> [Problem details]
Starting at the line that contains "Cookies And Cream", please transcribe every line through the end of the entries, exactly and with no pictures.
#### Entries shown
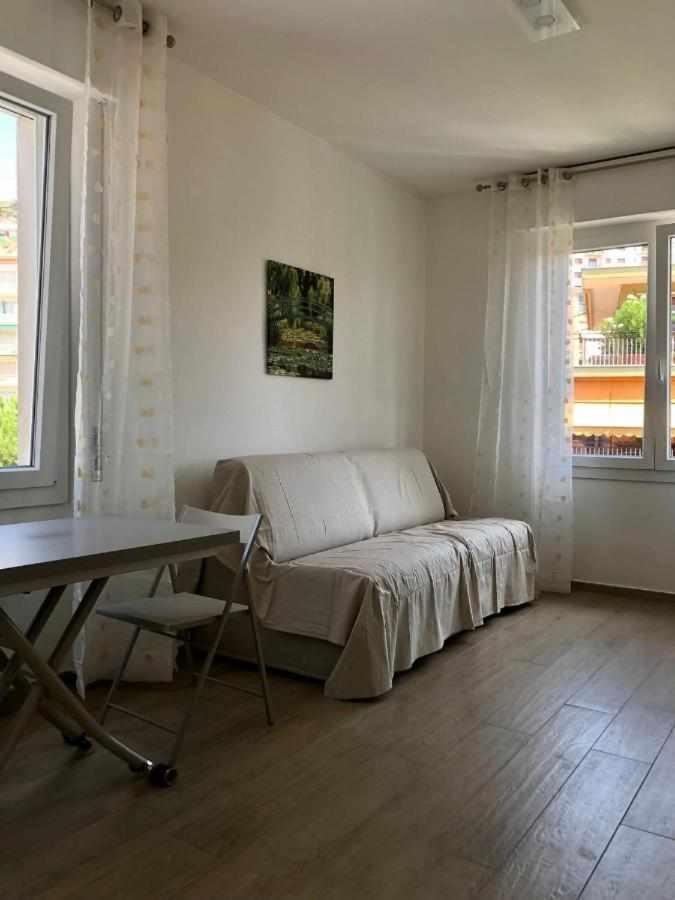Ninfea Apartments San Remo Extérieur photo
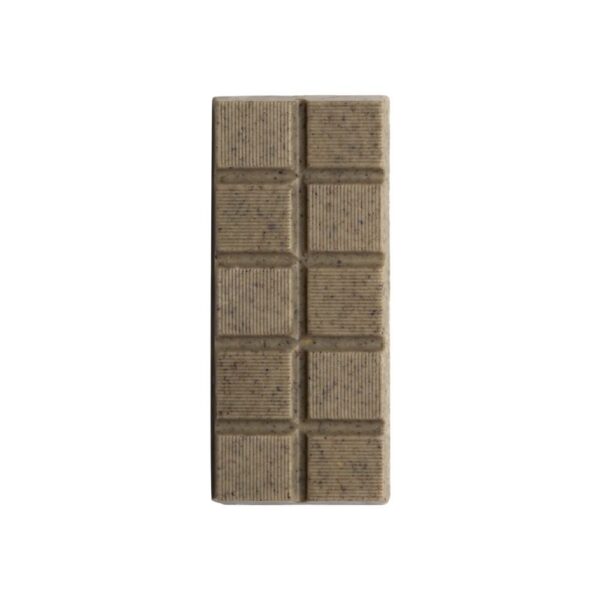 Cookies And Cream 3000mg Chocolate Bar - Image 4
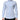 Dolce & Gabbana Sky Blue Cotton GOLD Long Sleeves Dress Shirt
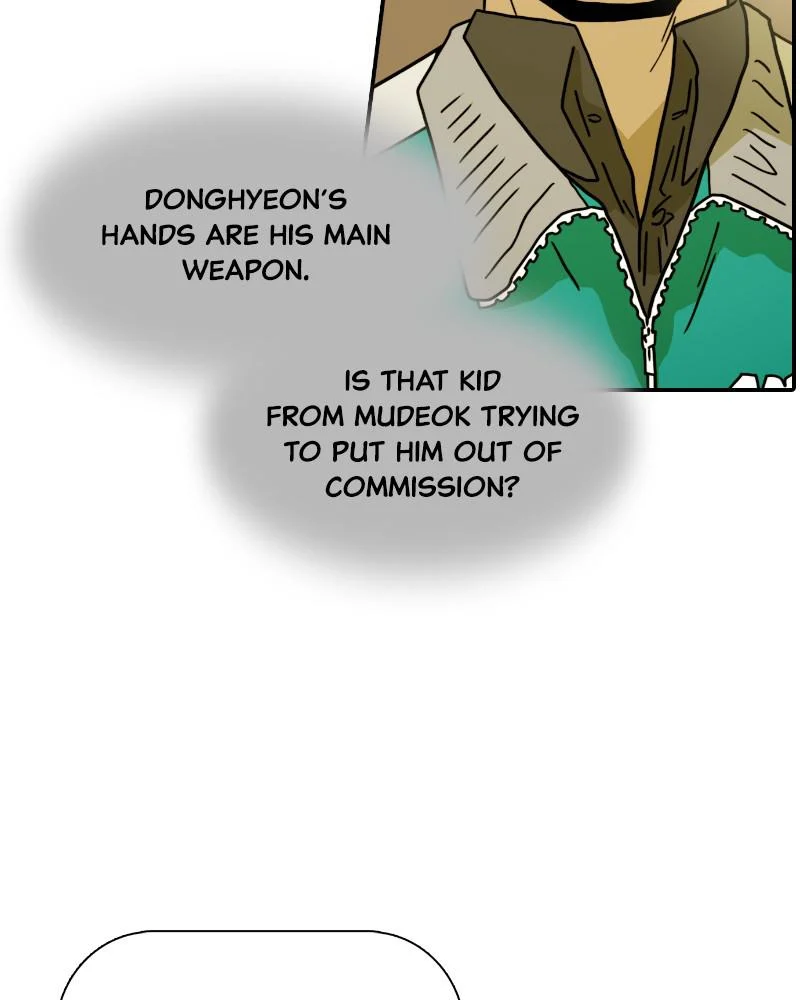 Taekwondo Kid Chapter 59 - Page 77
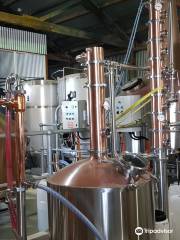 Fleurieu Distillery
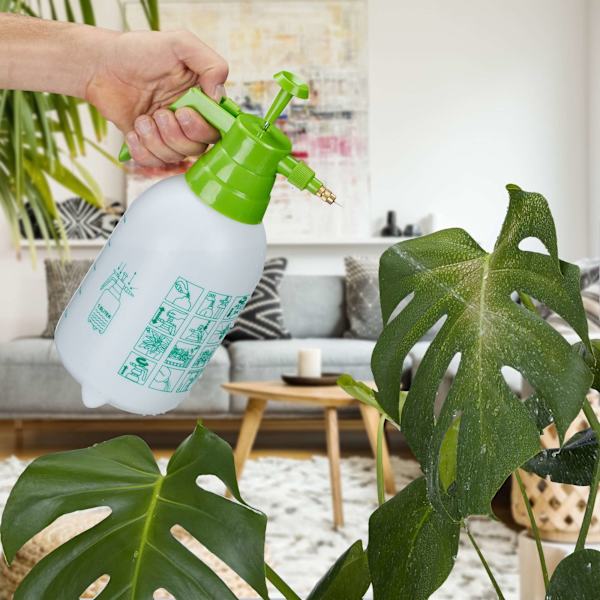 Tryckspruta 1,5 liter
########
> [Problem solution]
 Cookies And Cream 3000mg Chocolate Bar - Image 4
 Dolce & Gabbana Sky Blue Cotton GOLD Long Sleeves Dress Shirt
 Taekwondo Kid Chapter 59 - Page 77
 Fleurieu Distillery
 Tryckspruta 1,5 liter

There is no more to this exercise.